THE DATA:
%%

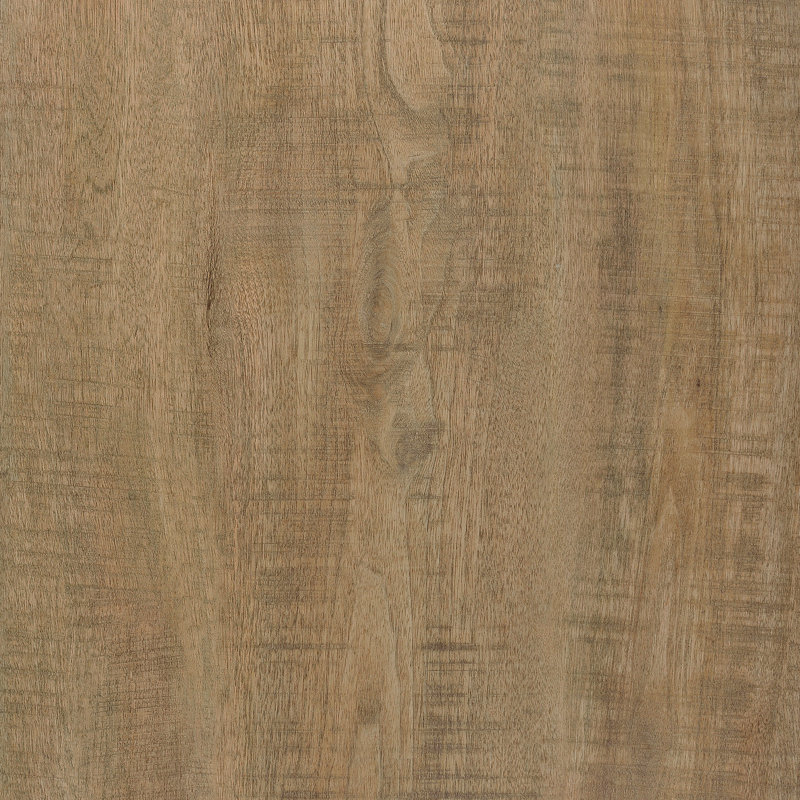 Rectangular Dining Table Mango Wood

%%
%%

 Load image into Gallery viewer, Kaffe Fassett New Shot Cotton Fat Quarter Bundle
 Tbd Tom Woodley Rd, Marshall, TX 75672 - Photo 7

%%

Out of the listing above, reproduce exactly the lines from the one with "Load image into" up to and including the one with "Tbd Tom Woodley".

EXERCISE RESULT:
 Load image into Gallery viewer, Kaffe Fassett New Shot Cotton Fat Quarter Bundle
 Tbd Tom Woodley Rd, Marshall, TX 75672 - Photo 7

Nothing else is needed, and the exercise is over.